Positron Emission Tomography (PET) scan
A PET scan is a whole body scan that uses a small amount of radioactive liquid to take pictures of cancer in the whole body. The amount of radiation you're exposed to is small, and the risk of harm is low.
Your doctor may recommend a PET scan to find cancer in your head and neck, or to see if cancer has spread to other parts of your body
Before a PET scan, you will be given a needle (injection) containing a radioactive sugar (tracer). You will then need to wait between 30 and 90 minutes to let the mixture move around your body.
The radioactive sugar goes to parts of the body that have lots of cells growing, to help show where the cancer is. Because cancer cells absorb more radioactive sugar mixture than healthy cells, cancer cells show up brighter on the PET scan.
Before you have a PET scan, speak with your doctor about the benefits and risks and any other questions you have.
You will be asked to avoid hard exercise for a couple of days and to stop eating a few hours before the PET scan.
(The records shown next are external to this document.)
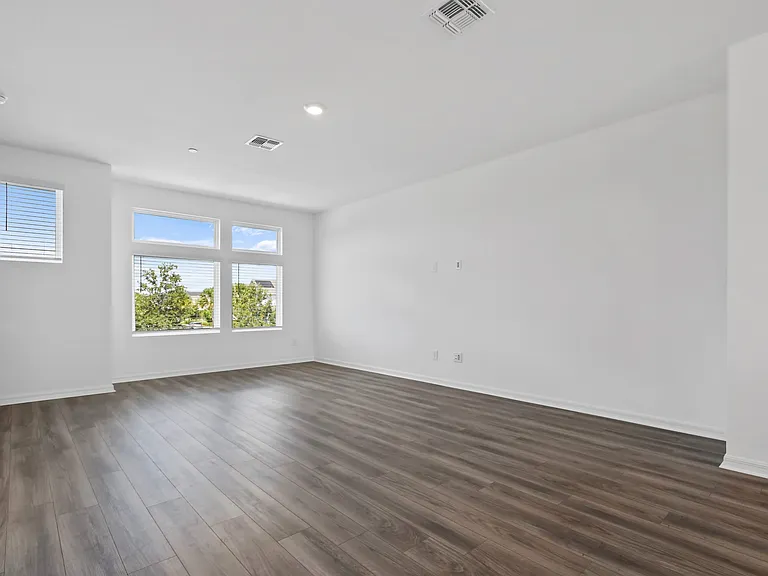 13140 Bovet Ave — Photo 8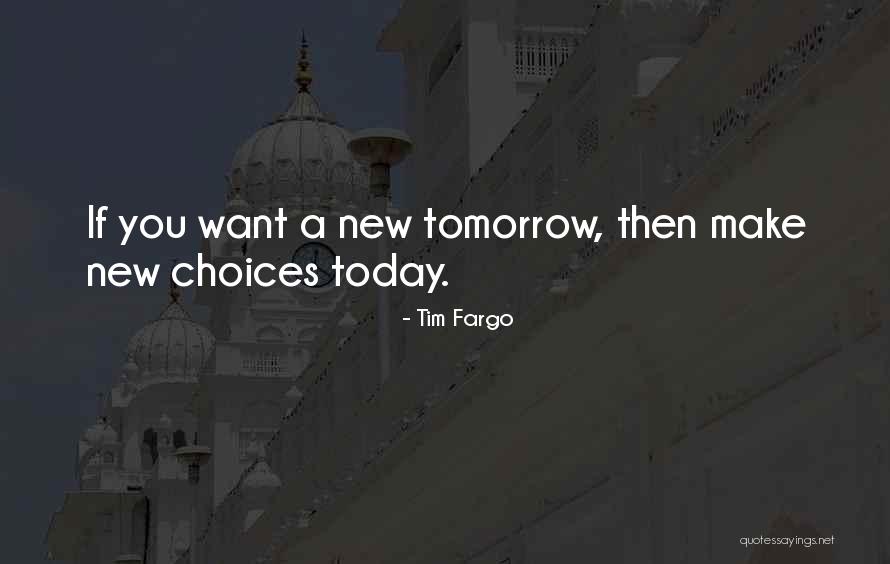 Cruah Quotes By Tim Fargo Cruah Quotes By Tim Fargo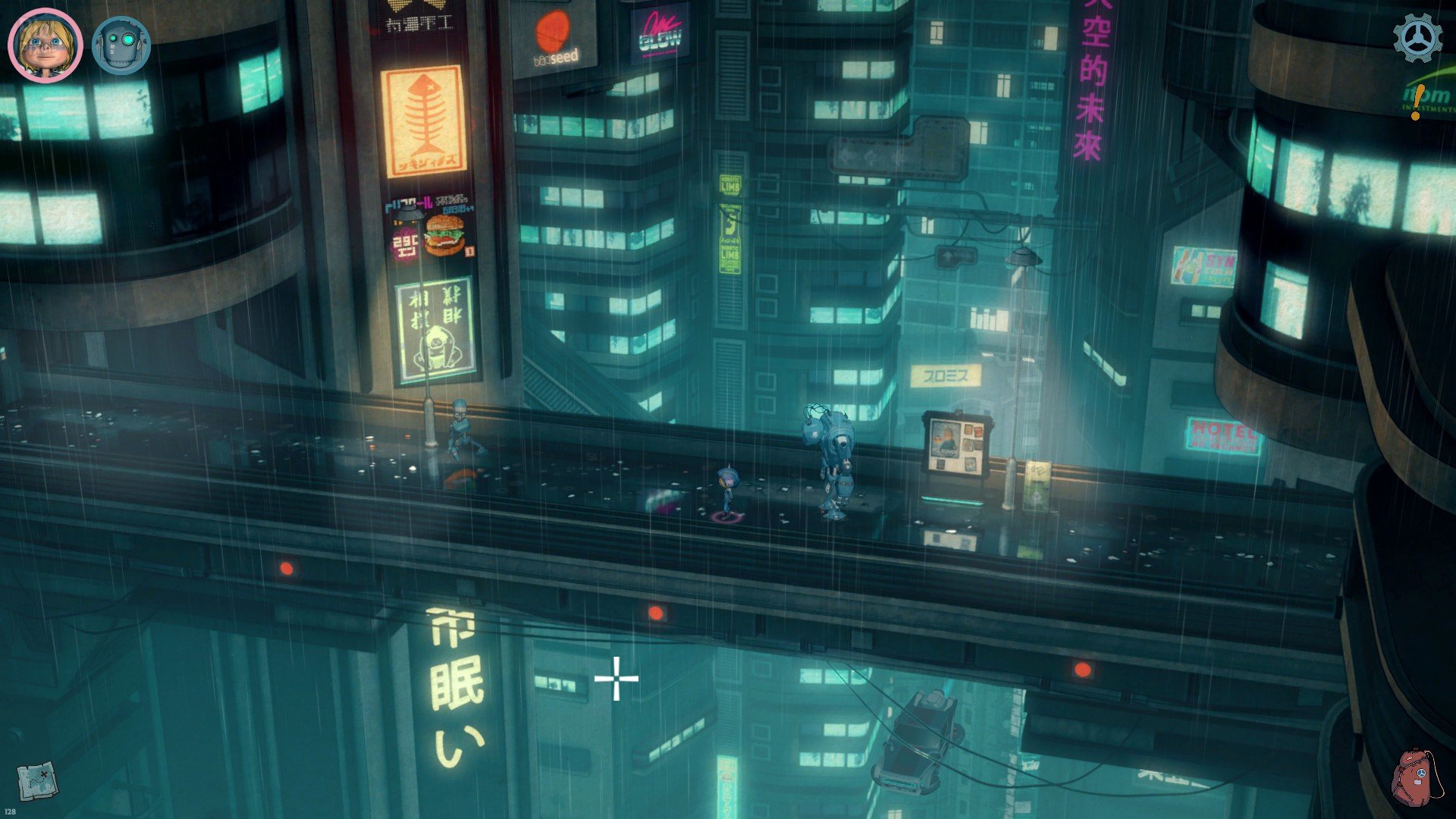 [11]-ENCODYA Download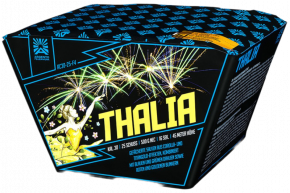 Argento Thalia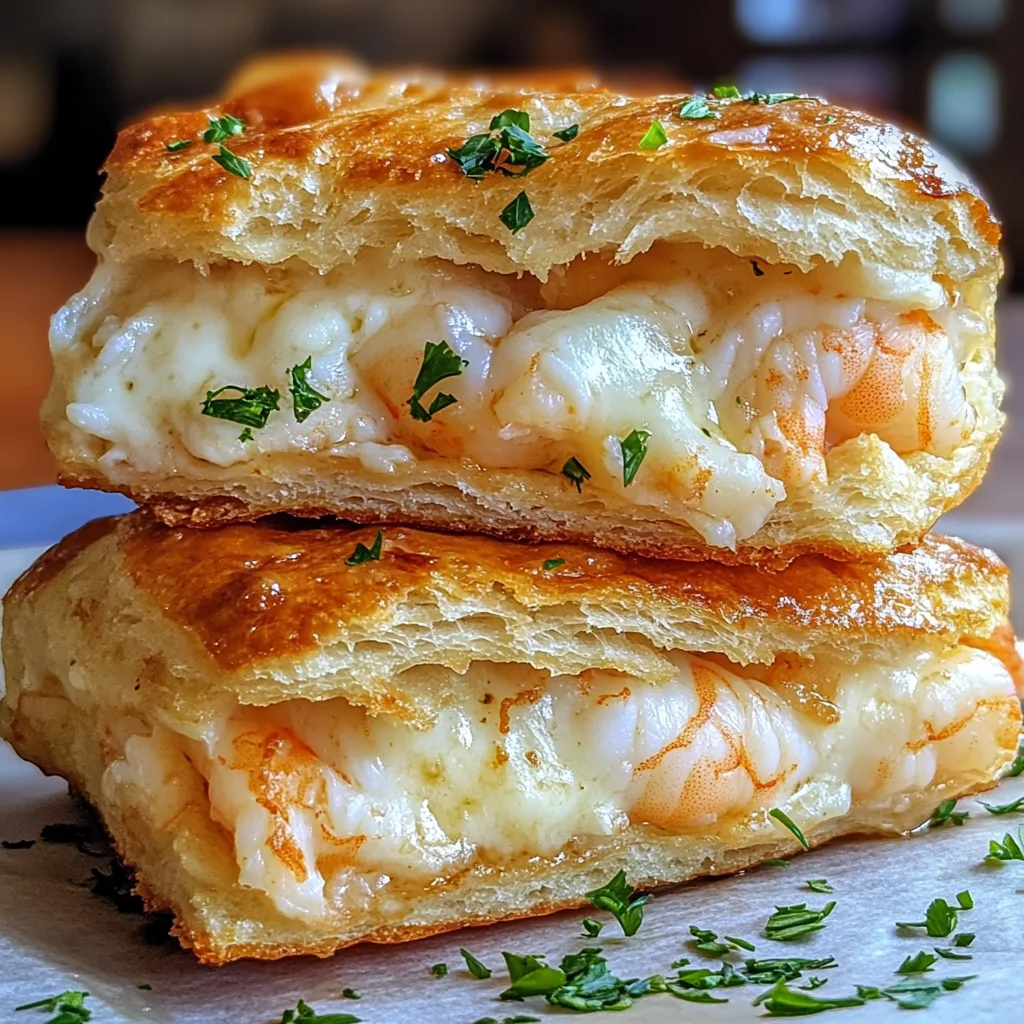 Shrimp
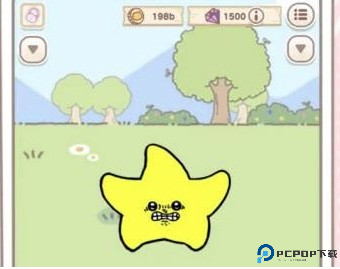 口袋吉伊卡哇国际服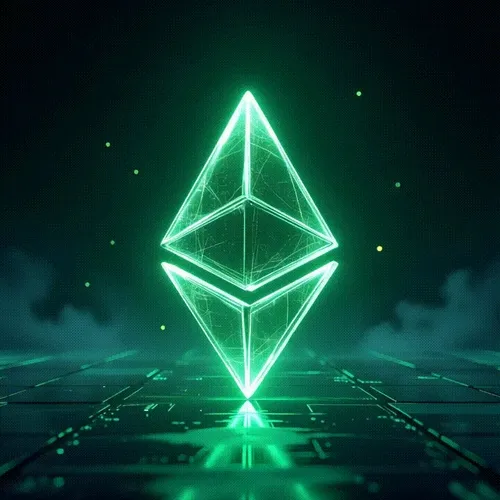 The times we live in 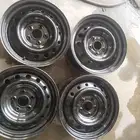 جنوط التيماء نسيان سوح وكاله مقاس 16اصلي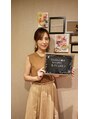 ラ コンシェル たまプラーザ店&nbsp;嬉しいお声をいただいております！たまプラーザ・美容鍼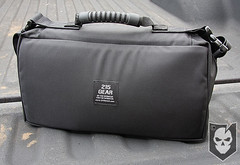 215 Gear Custom Tactical Bag 01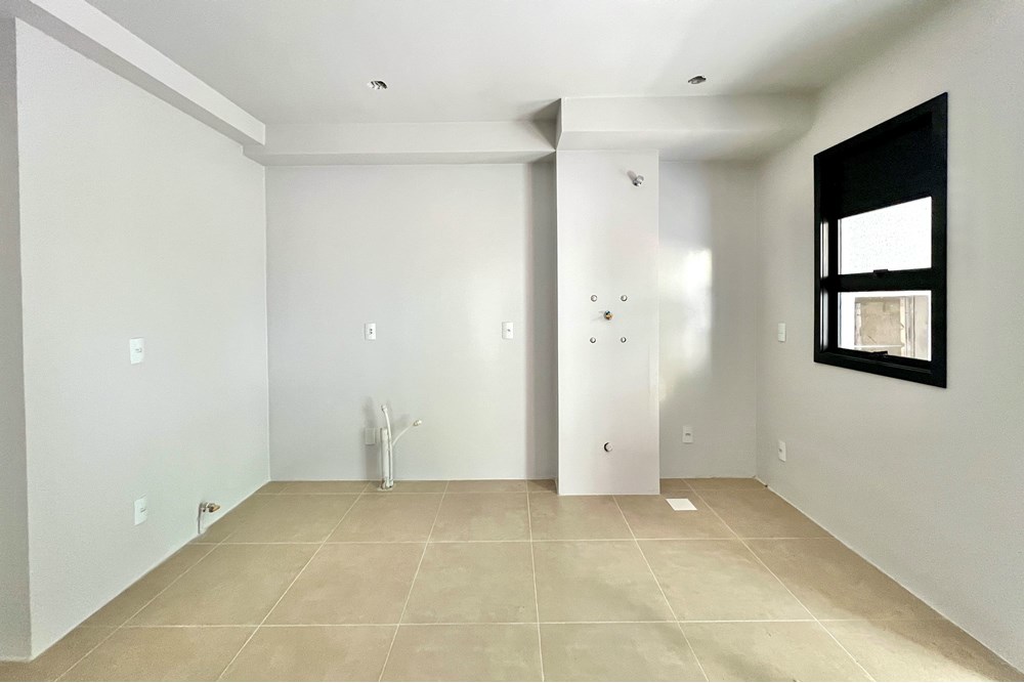 Apartamento, 2 quartos, 67 m² - Foto 24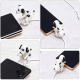 Kabel Naughty iPhone Lightning beli - 058694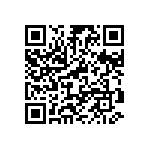 3210-12-003-11-99 QRCode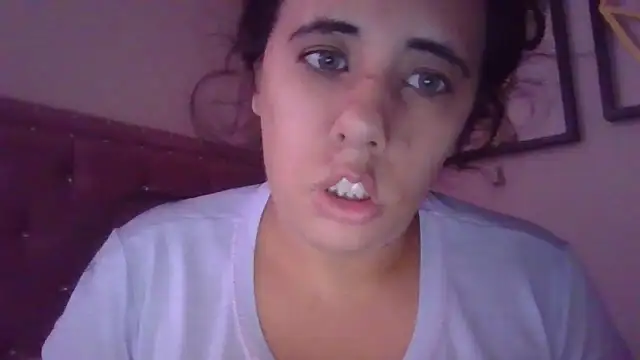 annarose19 online show from 12.05.25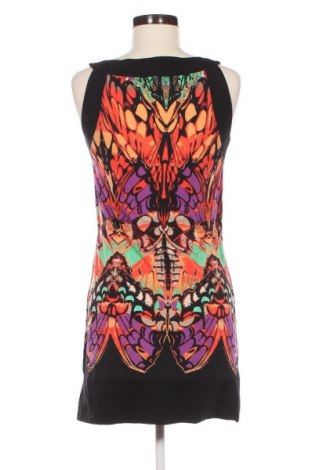 Φόρεμα Comma,, Μέγεθος XS, Χρώμα Πολύχρωμο, Τιμή 24,85 €
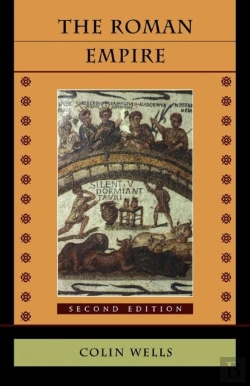 Bertrand.pt - The Roman Empire 2ed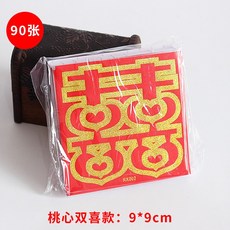 ac8a5640e791d3def23fa7b32a7fa8ad453a3a2d025e5caa29e60f2208f2.jpg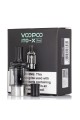 VOOPOO ITO-X Tank 3.5mL VOOPOO ITO-X Tank 3.5mL
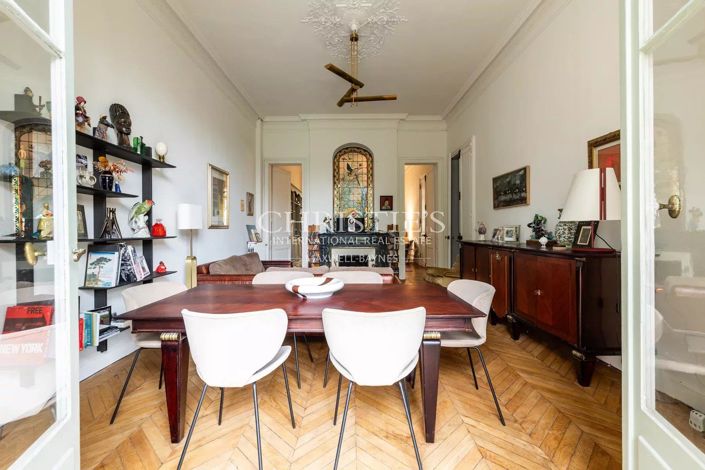 Image No.8-Maison de 6 chambres à vendre à Bordeaux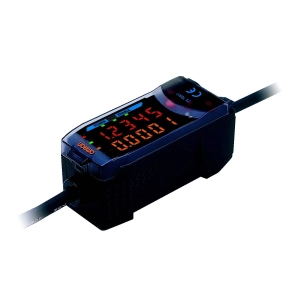 ZX-LT030 0.5M Omron Czujnik Pomiarowy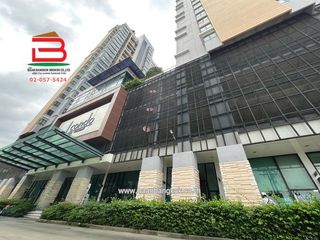 For sale 1 bed condo in Bang Bon, Bangkok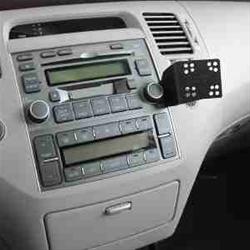 PanaVise InDash Custom Dash Mounts 75118-806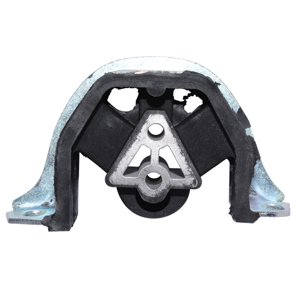 Repuestos Del Sol - Soporte Motor Delantero Izquierda Chevrolet Corsa 1.7 Pick 1999 2002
If you have diabetes, you will need special instructions to get ready for the scan because high blood sugar levels can affect the result of a PET scan.
During the PET scan, you will lie on a table while it moves through the PET machine. It is important to lie still during the scan and not to talk, otherwise normal muscles will show up on the scan. The machine will send pictures to a computer screen. Your doctor can look at the pictures on the computer screen to check for any signs of cancer or if the cancer has spread. It is important to know that other illnesses than cancer, such as infection, can also show up on a PET scan.
A PET scan is painless and usually take about two hours.